RM: Based on your study, how would you describe the significance of the festival to a metropolitan city like Bengaluru and to its citizens?
SS: This was the primary focus of my research. The festival provides what I called ‘a landscape of memory’ allowing us to access older historical and cultural layers of the city, including those that no longer exist. It also contests the idea that cities are necessarily non-sacred/secularised spaces. The relationship between religion and the city is often cast in pathological terms. In the 1980s–90s, in India, Pakistan, and elsewhere in South Asia, there was an upsurge of religious expression in the city that often resulted in violence and communalism, but you do not see that here in the Karaga festival.
RM: On each of the nine days of the festival and on the night of the Pete Karaga, the main priest and his troupe visit certain specific temples and waterbodies to conduct puje. How does this reflect the historic landscape and geography of Bengaluru?
SS: If you follow the festival through the different days, what you unpack is a certain urban core that existed in the past. One kind of dominant landscape that is often publicly cited is that of Kempe Gowda building four towers to mark the edges of the old city. Another kind of landscape is what the Karaga highlights—the Amman shrines, the Hanuman temple, the Sufi shrine, and ecology are never absent from this landscape—fort, waterbodies, gardens and religious centres are all linked together. If one is to understand the urban plan or design of precolonial Bengaluru, it is a complex of pete, kote [fort], tota [garden], and kere [lake/waterbody]. This provides an urban model, which if we had replicated in our new suburbs, may have helped manage the resources of our city better. The Karaga festival, thus, is not just about the past it is also about the future.
RM: How would you describe the relationship of Draupadi as Adi Shakti with the boundary goddesses [goddesses located on the outskirts of a town with or without a temple, generally found in Tamil Nadu and Karnataka] of the city like Annamma Devi, Muthyalamma and Patalamma?
SS: It’s a notion of sisterhood, a community of sacred beings. And you have to be there to experience it—on the final day, near the KR Market, it is an amazing view. Almost every temple in the city send their rathas (chariots carrying idols of deities), not just the goddesses but other deities as well. Sufi shrines also send their representatives. My impression of this whole tradition is that it is not a reversal of the ordinary city, but you are witnessing the city in all its sacredness. It is almost as if all these sacred beings are gathered together at night. In some ways, the Karaga festival is to Bengaluru what the Mardi Gras is to New Orleans.

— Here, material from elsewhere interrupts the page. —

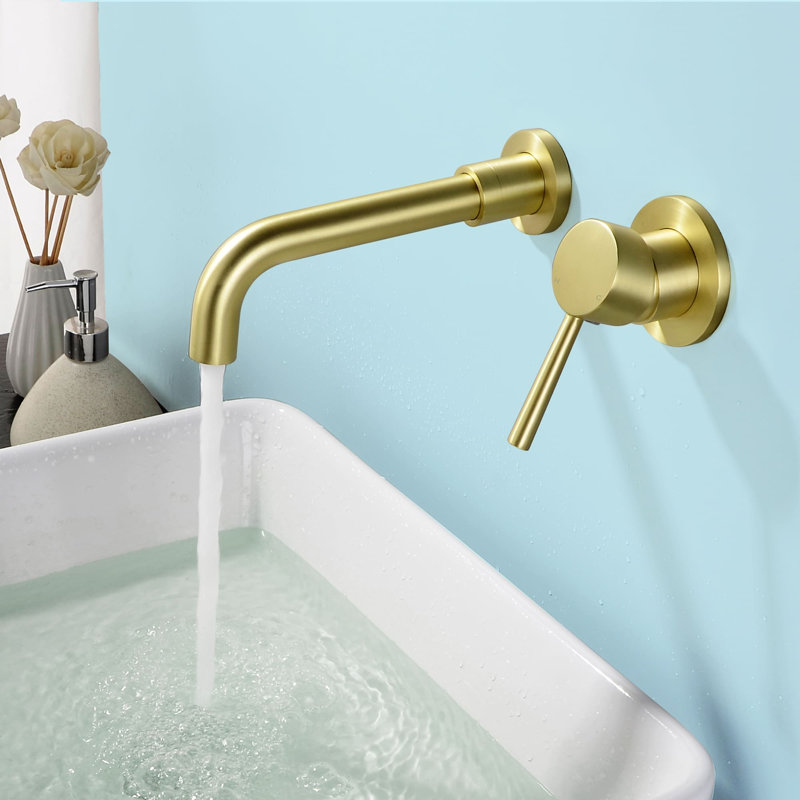 Wall Single-handle Bathroom Faucet, Brushed Gold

Varsha Raju (VR): The Karaga festival forms an integral part of the intangible heritage of Bengaluru. What are your observations about its growth from a community-level festival to a widely celebrated civic festival of the city? What would be some of the biggest reflections on your study in relation to the festival and its city over the years?

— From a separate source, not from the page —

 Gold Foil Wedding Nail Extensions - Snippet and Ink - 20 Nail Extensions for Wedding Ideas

SS: There are several reasons why the festival has become so popular: First, the community that performs the main roles in the festival is a part of an alliance of backward caste communities in Bengaluru. Second, we have to realise that 60–70 per cent of the city’s population works in the informal sector, so it represents their aspirations, their rights towards the city and their vision of what the urban is. And that is also important because we cannot always think or talk about urbanism from above. These people believe they are the legitimate subjects of the history of this city. And the fact that we have different religions, caste, and communities celebrating this festival together proves something to us today. India has in fact had a composite culture at the urban level for vast swathes of time and we should celebrate that.
The notion of who the Goddess is is also unique. She is a powerful being in her own right, not some sidekick of the Pandavas—this says something about gender and religious history. The fact that it is a man, a male priest, who becomes a woman/goddess during the festival also says something about the possible cultural relationships between masculinity and femininity. I think the festival carries a lot of different messages, but for me, the personal takeaway is the stuff about the relationship of religion to the city on one hand and on the other hand, that we desperately need models of urbanism that are sustainable, that come from below; just becoming a smart city does not work.

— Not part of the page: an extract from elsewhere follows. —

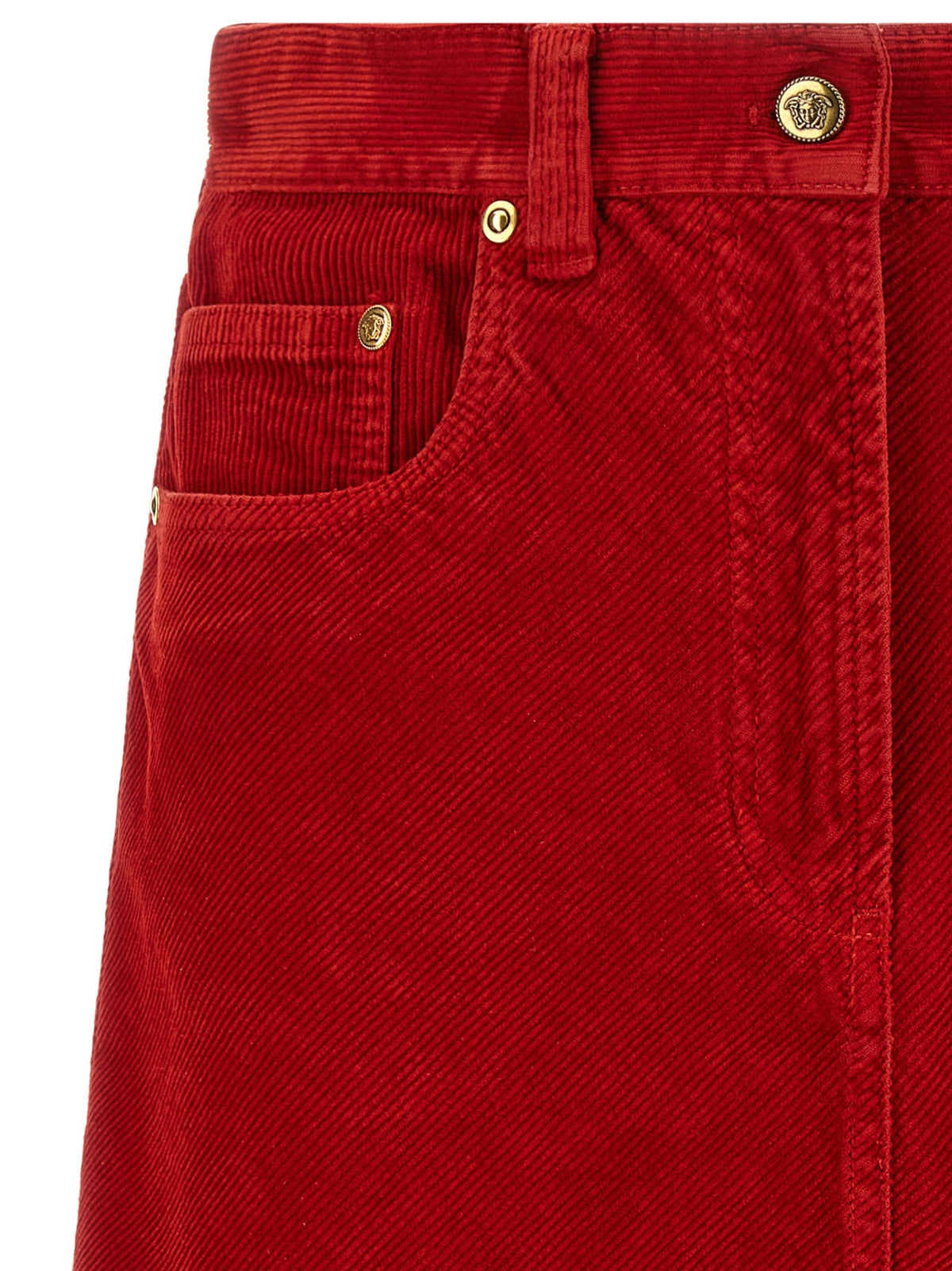 Versace Corduroy Skirt Red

RM: In your research, you talk about the different Karaga festivals that are held at other temples dedicated to Dharmaraja or Dharmaraya [Yudhishtira] in the city. How is the Pete Karaga different from the others and what are their common features?
SS: The communities are different, the caste origins of these communities are different, and other temples involve things like fire walking which are not followed in the Pete Karaga. They also happen later in terms of time cycles. They do not happen according to the Kannada calendar which is the solar-lunar calendar but are based on the Tamil calendar which is the solar calendar.
VR: It is very interesting to note that in Karnataka the Karaga jatre is an urban festival and did not spread to rural areas, but only to areas within the city’s boundaries, and considering the festival is rooted to/performed around key locations of the city centre, what prompted the spread of the main festival? Do these festivals pay homage to the Pete Karaga and does it also involve specific water sources?
SS: The festival is rooted in Bengaluru and its environment. In the past, it would have been celebrated within the fort settlement of Bengaluru and the pete-kotes (settlement-fort) surrounding it; it does not go far beyond it. In the present as well, once you go past Ramanagara and Channapatna towards Mysore in the south or past Devanahalli towards the east, the celebration of such a festival disappears. The physical landscape of the festival—one which sustains tank agriculture and urban gardeners—is critical to the festival.
At some point, the Karaga came to be patronised by the Mysore rulers, perhaps the early nineteenth century when there is some indication that they donated money to refurbish Dharmaraya Swamy temple and gifted land. At that point, it starts becoming important as the festival of the city in a way that is parallel to the Mysore Dasara. The Mysore kings had found it culturally and politically valuable to have a central princely festival, and in Bangalore it was the Karaga that became central. Then the smaller festivals at Doopanahalli, Domlur, Devanahalli, Ulsoor, etc., that have little Amman shrines had their own Karagas and became allied to the festival; it is hard to state which of them started first. As the metropolis grew to encompass these Amman temples, these temples coordinated their festive cycle with the Pete Karaga. They have similar features of sacrifice, etc., and all of them are Amman temples. These temples don’t necessarily pay homage to the Pete Karaga but are linked through cycles of time and ritual practice.
RM: In your book, you say that since the origin of the festival and its celebration in the pete area the city has drastically changed in terms of its geography, eating into the ritual centres and waterbodies significant to the Karaga festival. Today, many waterbodies have dried up due to lack of maintenance from the government or due lack of proper water management system. Do you think these aspects will have an impact on the future of the festival and the way it is celebrated?
SS: As long as the main ritual players of the festival transmit knowledge of these locations into the future, to the next generations, I think they will be retained in memory and practice. But we should also understand that festivals change and so, one can imagine that something else might get absorbed into the cycle of the festival. I do not think that what the festival is today is exactly how it used to be in the past. What I did in my book was provide a structural interpretation of the Karaga festival based on my vantage points during my research in the 1990s. It’s quite possible when you visit the festival over the nine days now, you may see new sites being integrated and that makes perfect sense. In other words, festivals are adaptable and they change their routes and if they do change, they are saying something about the present, not necessarily about the past. In one chapter, I include all the places the karaga visits, some of those were not necessarily of ecological significance. They were crucial because the community had an association with another group or place and maybe there are other sites that have been brought in today. So, maybe that is something to watch out for; I would be very interested to see where the ritual stops are now 20 years later.